### EXTRACTED INFORMATION
───

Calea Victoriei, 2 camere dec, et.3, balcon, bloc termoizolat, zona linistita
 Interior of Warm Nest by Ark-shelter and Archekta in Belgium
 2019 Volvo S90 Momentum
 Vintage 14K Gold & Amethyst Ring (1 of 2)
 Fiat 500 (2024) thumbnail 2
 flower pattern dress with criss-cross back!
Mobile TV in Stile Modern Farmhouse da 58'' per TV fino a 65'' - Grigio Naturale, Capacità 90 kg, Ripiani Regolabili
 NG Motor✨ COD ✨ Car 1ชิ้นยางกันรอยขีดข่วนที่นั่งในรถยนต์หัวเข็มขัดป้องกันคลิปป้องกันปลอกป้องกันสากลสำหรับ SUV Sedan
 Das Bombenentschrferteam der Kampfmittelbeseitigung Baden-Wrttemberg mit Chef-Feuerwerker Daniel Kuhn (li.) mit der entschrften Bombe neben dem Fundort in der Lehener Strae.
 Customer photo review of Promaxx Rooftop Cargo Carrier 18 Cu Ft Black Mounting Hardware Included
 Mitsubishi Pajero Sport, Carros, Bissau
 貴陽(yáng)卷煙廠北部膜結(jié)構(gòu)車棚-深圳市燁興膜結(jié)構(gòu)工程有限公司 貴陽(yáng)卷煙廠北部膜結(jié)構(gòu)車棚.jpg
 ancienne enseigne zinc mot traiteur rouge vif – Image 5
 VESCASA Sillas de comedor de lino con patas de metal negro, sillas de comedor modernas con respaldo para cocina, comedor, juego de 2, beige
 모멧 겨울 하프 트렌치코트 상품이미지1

───

### WORK INSTRUCTIONS
Once you have read the listing above, set it down again without alteration.

### RESPONSE TO THIS TASK
Calea Victoriei, 2 camere dec, et.3, balcon, bloc termoizolat, zona linistita
 Interior of Warm Nest by Ark-shelter and Archekta in Belgium
 2019 Volvo S90 Momentum
 Vintage 14K Gold & Amethyst Ring (1 of 2)
 Fiat 500 (2024) thumbnail 2
 flower pattern dress with criss-cross back!
Mobile TV in Stile Modern Farmhouse da 58'' per TV fino a 65'' - Grigio Naturale, Capacità 90 kg, Ripiani Regolabili
 NG Motor✨ COD ✨ Car 1ชิ้นยางกันรอยขีดข่วนที่นั่งในรถยนต์หัวเข็มขัดป้องกันคลิปป้องกันปลอกป้องกันสากลสำหรับ SUV Sedan
 Das Bombenentschrferteam der Kampfmittelbeseitigung Baden-Wrttemberg mit Chef-Feuerwerker Daniel Kuhn (li.) mit der entschrften Bombe neben dem Fundort in der Lehener Strae.
 Customer photo review of Promaxx Rooftop Cargo Carrier 18 Cu Ft Black Mounting Hardware Included
 Mitsubishi Pajero Sport, Carros, Bissau
 貴陽(yáng)卷煙廠北部膜結(jié)構(gòu)車棚-深圳市燁興膜結(jié)構(gòu)工程有限公司 貴陽(yáng)卷煙廠北部膜結(jié)構(gòu)車棚.jpg
 ancienne enseigne zinc mot traiteur rouge vif – Image 5
 VESCASA Sillas de comedor de lino con patas de metal negro, sillas de comedor modernas con respaldo para cocina, comedor, juego de 2, beige
 모멧 겨울 하프 트렌치코트 상품이미지1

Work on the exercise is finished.